Welcome to the forum! Gorgeous cat! We have a couple of kitties (MiMi, belonging to BoscoesMom and Harley belonging to HarleysMom) who look a lot like her!


----------



## DesnBaby (Apr 18, 2004)

Beautiful eyes  , so sorry about her!


----------



## kitkat (Sep 22, 2003)

Welcome to the forum. I'm sorry to hear about Greedy, she is such a beauty. Hope to see pics of your other cat soon


----------



## Mitts & Tess (Sep 4, 2004)

Welcome to Cat Forum.


----------



## BoscosMum (Apr 29, 2004)

I am so sorry about the loss of Greedy.  

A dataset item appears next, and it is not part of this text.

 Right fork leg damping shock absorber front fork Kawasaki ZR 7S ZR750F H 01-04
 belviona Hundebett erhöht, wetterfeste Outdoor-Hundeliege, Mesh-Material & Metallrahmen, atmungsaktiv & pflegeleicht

Welcome to the forum, hope to see you around the boards.

Greedy does look like Mi Mi twin sister.


----------



## Meowysc (Jan 24, 2005)

Thanks for the greetings.  

MeowMeow is our first kitty. She's fierce to other cats except Greedy. She was Greedy's surrogated mother 14 years ago.

Here's the lady.... 
http://img.photobucket.com/albums/v498/ ... 3_0356.jpg

http://img.photobucket.com/albums/v498/ ... 1_1158.jpg

Although Greedy has left us for more than 4 months, MeowMeow is still very depressed over her. She's seems to have aged very quickly.


----------



## BoscosMum (Apr 29, 2004)

Awe......Here kitty kitty Here kitty kitty kitty. :lol:


----------



## Meowysc (Jan 24, 2005)

> Awe......Here kitty kitty Here kitty kitty kitty. :lol:


And MeowMeow will go : Hiss....Hiss.... (barring her teeth)

While Greedy would say : meow (soft and gently)

Here's Greedy again..

http://img.photobucket.com/albums/v498/ ... 2_0221.jpg

Mi Mi does look like Greedy in her younger days when her coat is not so dark.


----------



## DesnBaby (Apr 18, 2004)

They are so cute!


----------



## EllyMay (Dec 31, 2004)

Welcome! I am sorry to hear of your loss. Greedy was a beautiful cat. MeowMeow is quite charming too.


----------